While the government had appeared to be in a strong position to press forward with an ambitious economic reform agenda after last year’s wider-than-expected election victory, progress has been much slower than some investors had hoped. The government has made headway in some areas: it has pledged to reform tax laws, disinvest in some 60 state-run firms and formed an experts panel to ease foreign investment in the financial sector — steps markets would regard positively.
But it has repeatedly backtracked after street protests — such as over labour reforms and freeing up farm prices — raising doubts about firm governance needed to implement reform.
The government’s ability to push through key legislation, including financial reforms measures, will be tested when parliament reconvenes from April 15. Its parliamentary majority has narrowed after two of its partners withdrew support because of differences over bills reserving parliamentary seats for women and underwriting liability from nuclear accidents.
What to watch:
— Announcements on moves to privatise some state firms, relax restrictions on foreign direct investment, ease limits on foreign banks, and reform labour laws. The government’s plans to open up insurance and pensions to foreign firms are now in doubt.
— Important reforms such as stake sales in state firms could be hampered if adverse political or global economic developments spark volatility in domestic markets. The government plans to raise 400 billion rupees from stake sales to cut its deficit.
— The failure to move on the nuclear bill has prevented U.S. nuclear firms from accessing India’s estimated $150 billion nuclear power market and frustrated Washington.
With India and Pakistan holding their first official talks since the 2008 Mumbai attacks, hopes have risen of a calibrated reduction in tensions, despite a bombing in the western Indian city of Pune and an attack on Indians in Afghanistan. India has so far refrained from pointing a finger of blame towards Pakistan. But relations remain fraught and another major attack in India could severely test India’s patience and put the Indian government under tremendous pressure to stop its tentative dialogue with Pakistan.

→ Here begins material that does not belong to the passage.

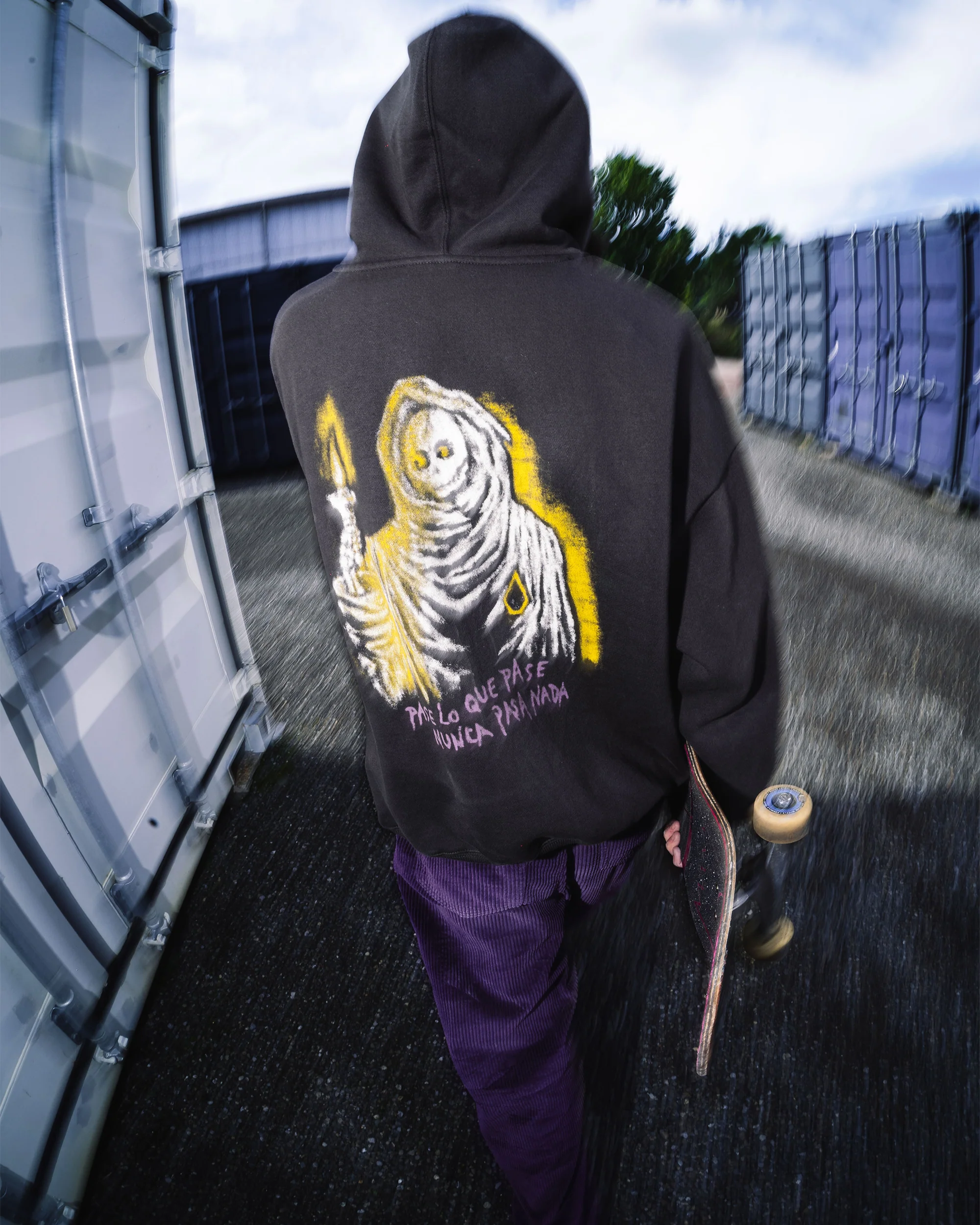 Moove On Hoodie - Vintage Black - Image 4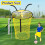 Football Target Net  Bins Goal Training Net Target Practice Net With Four Straps Foldable Field Net For QB Training 3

The two countries are also jockeying for influence in Afghanistan, preparing for any political vacuum from a U.S. exit. This could further worsen their relations.
Military conflict remains only a very slim possibility. But a limited confrontation cannot be ruled out if Pakistan-based militants once again launch a major attack on Indian soil, making India-Pakistan conflict an unpredictable risk. And Pakistan’s weak government, under threat on several fronts, may have its own reasons to focus popular anger on India.
In comparison, ties between India and China, which remained uneasy throughout 2009 amid reports of border incursions and an occasional war of words, are witnessing a period of calm.
What to watch:
— Signs of further thaw in India-Pakistan ties and progress on more substantive talks. Any sign of rapprochement would be greeted positively by investors, but would not have a significant short-term market impact.
The risk of violent attacks by domestic insurgent groups or foreign militants remains high, underlined by the recent Pune bombing that killed 16 people. Al Qaeda and affiliated groups see India as a key battleground, and Pakistan is likely to remain a haven for militants seeking to launch attacks in India. Security forces are also battling a Maoist insurgency spreading across large swathes of countryside, much of it rich in minerals.
What to watch:
— The danger of new attacks. Investors have priced in the threat level in India, as the muted market reaction to the Mumbai attacks showed, but attacks causing a serious deterioration in relations with Pakistan would be market-negative.